Entries provided:
◇ ◇ ◇ ◇ ◇

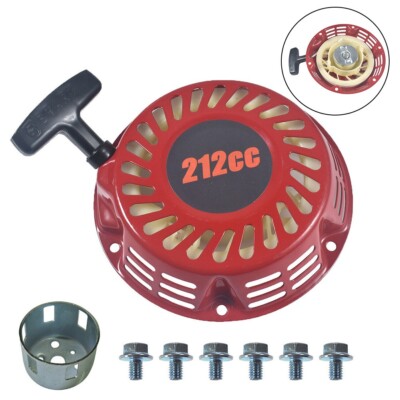 Replacement Pull Start Starter Recoil  for Harbor Freight For Predator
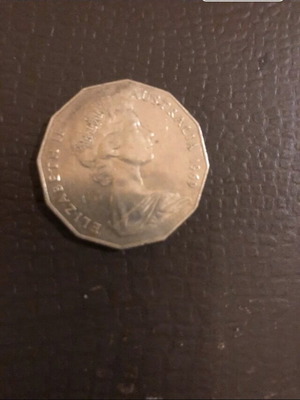 Collectible Australian coin 1969 Elizabeth II like new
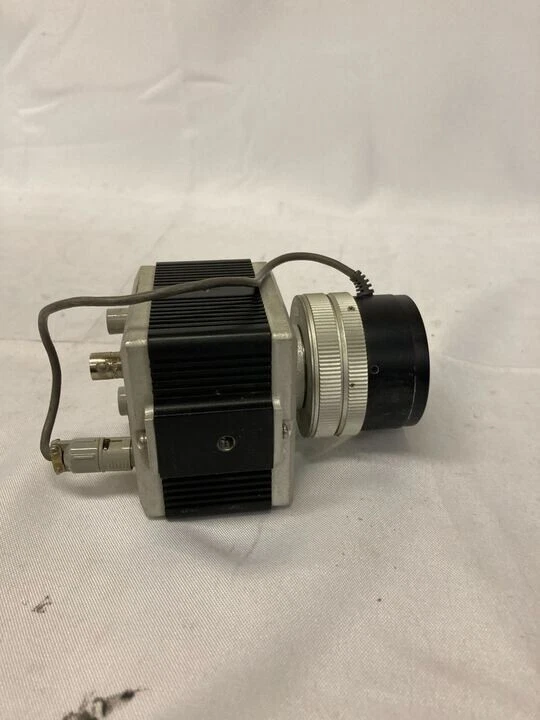 Adaptador de cámara General Electric GE 4TN2505 con lente de TV Koike 16 mm F1.4 Foto 4 de 4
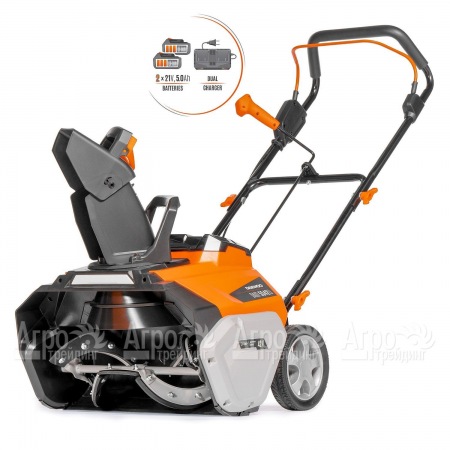 Снегоуборщик аккумуляторный Daewoo DAST 5542Li SET в Ставрополе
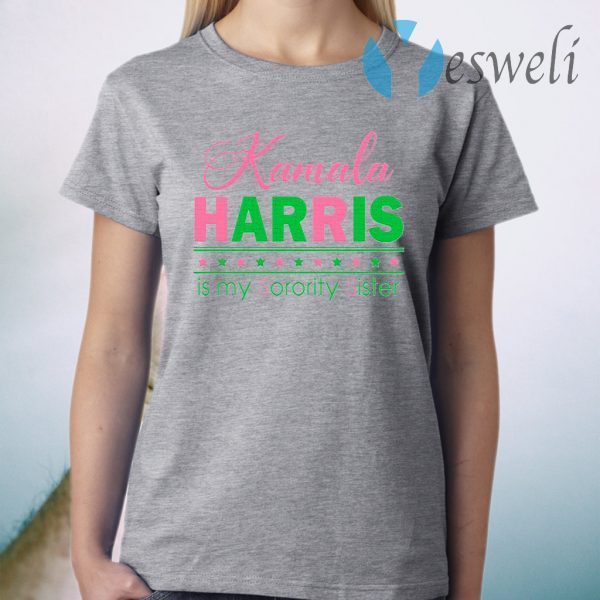 Kamala Is My Sorority Sister 1908 AKA Feminist T-Shirt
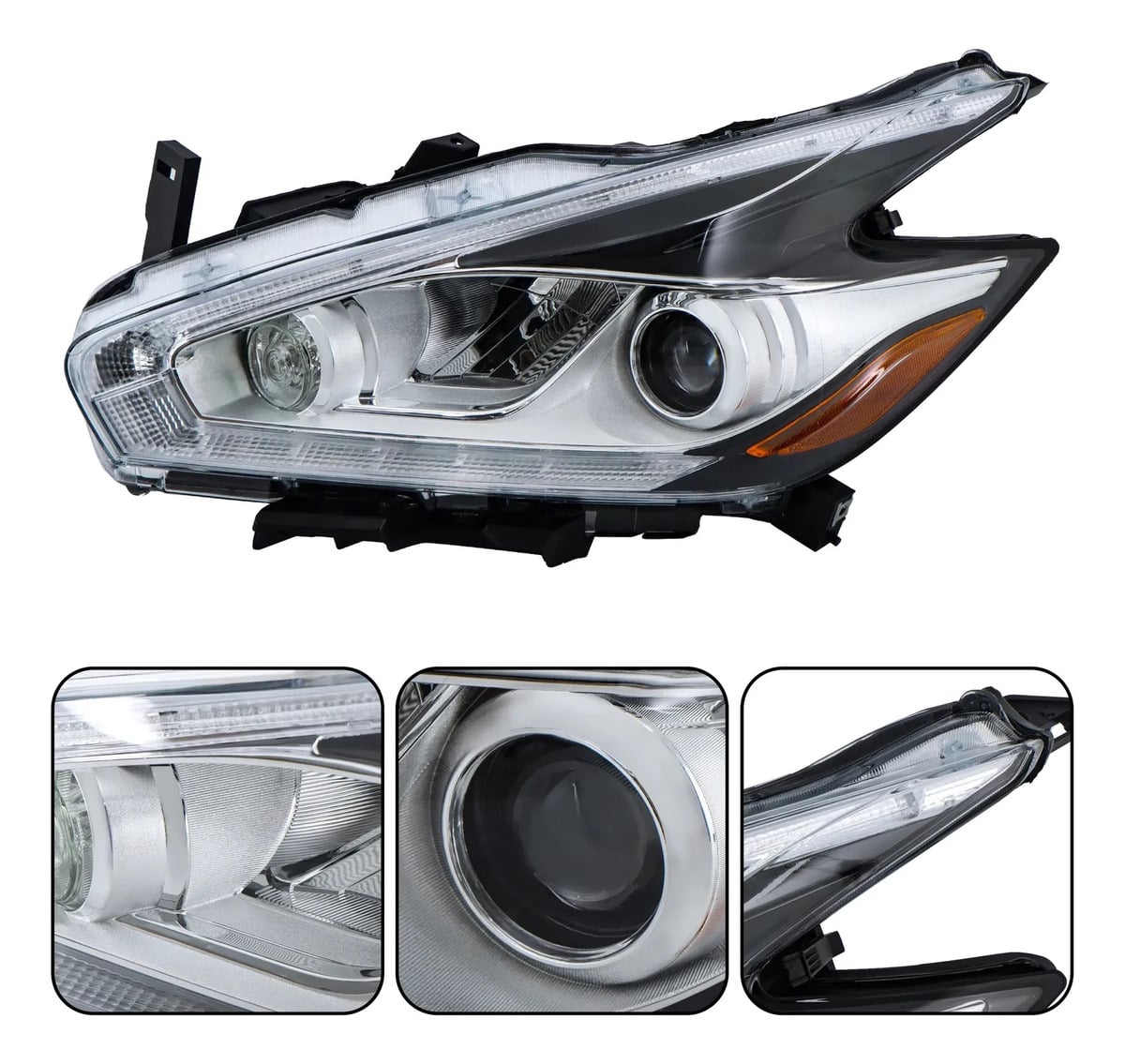 Faro Foco Led Izquierdo Delantero Nissan Murano 2015-2019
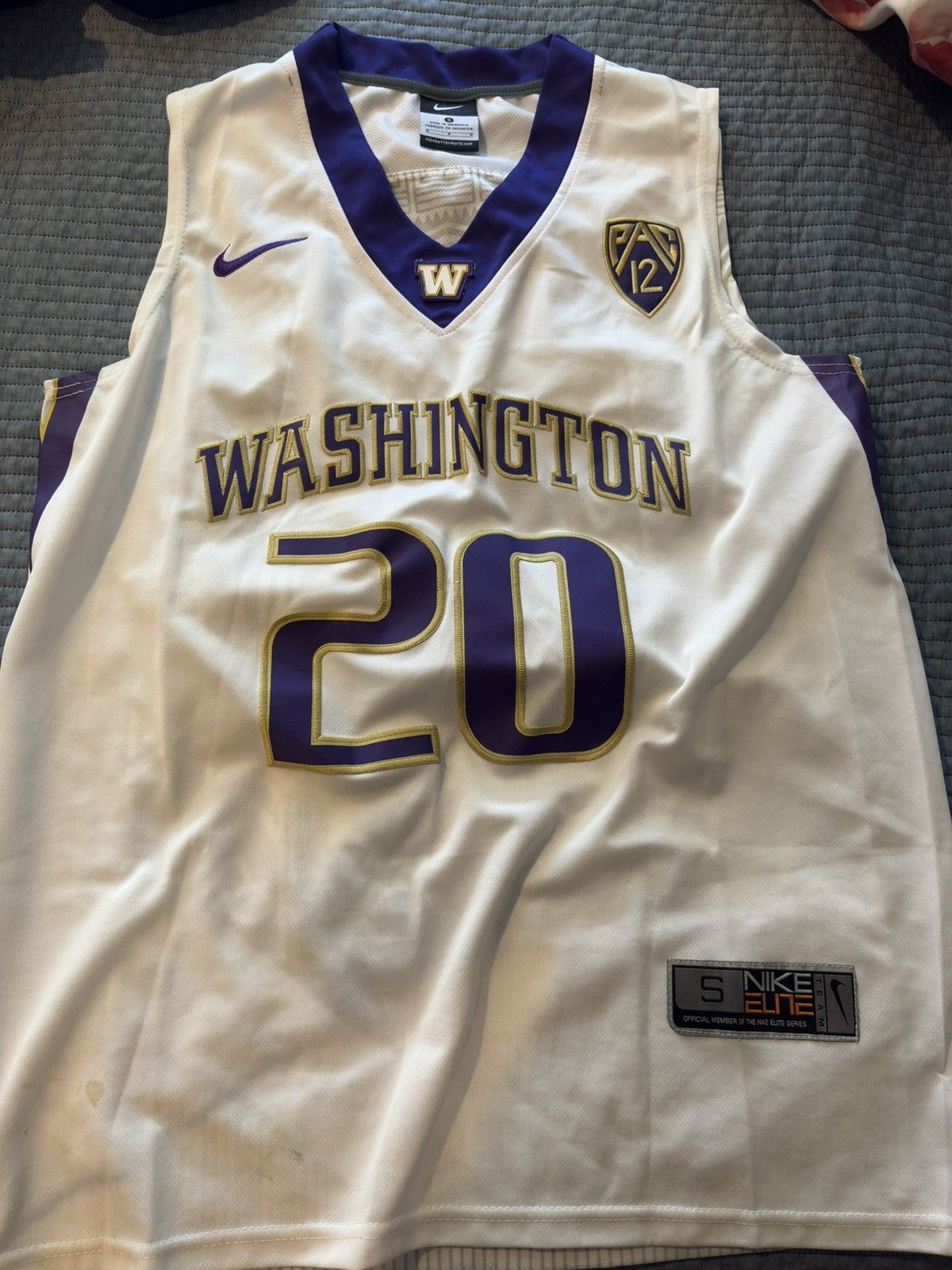 Nike UW Markelle Fultz Jersey SMALL Size US S / EU 44-46 / 1 - 1 Thumbnail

◇ ◇ ◇ ◇ ◇

Work request: Pictures stay out; print everything else in the data exactly.

Reply to the exercise:
 Replacement Pull Start Starter Recoil  for Harbor Freight For Predator
 Collectible Australian coin 1969 Elizabeth II like new
 Adaptador de cámara General Electric GE 4TN2505 con lente de TV Koike 16 mm F1.4 Foto 4 de 4
 Снегоуборщик аккумуляторный Daewoo DAST 5542Li SET в Ставрополе
 Kamala Is My Sorority Sister 1908 AKA Feminist T-Shirt
 Faro Foco Led Izquierdo Delantero Nissan Murano 2015-2019
 Nike UW Markelle Fultz Jersey SMALL Size US S / EU 44-46 / 1 - 1 Thumbnail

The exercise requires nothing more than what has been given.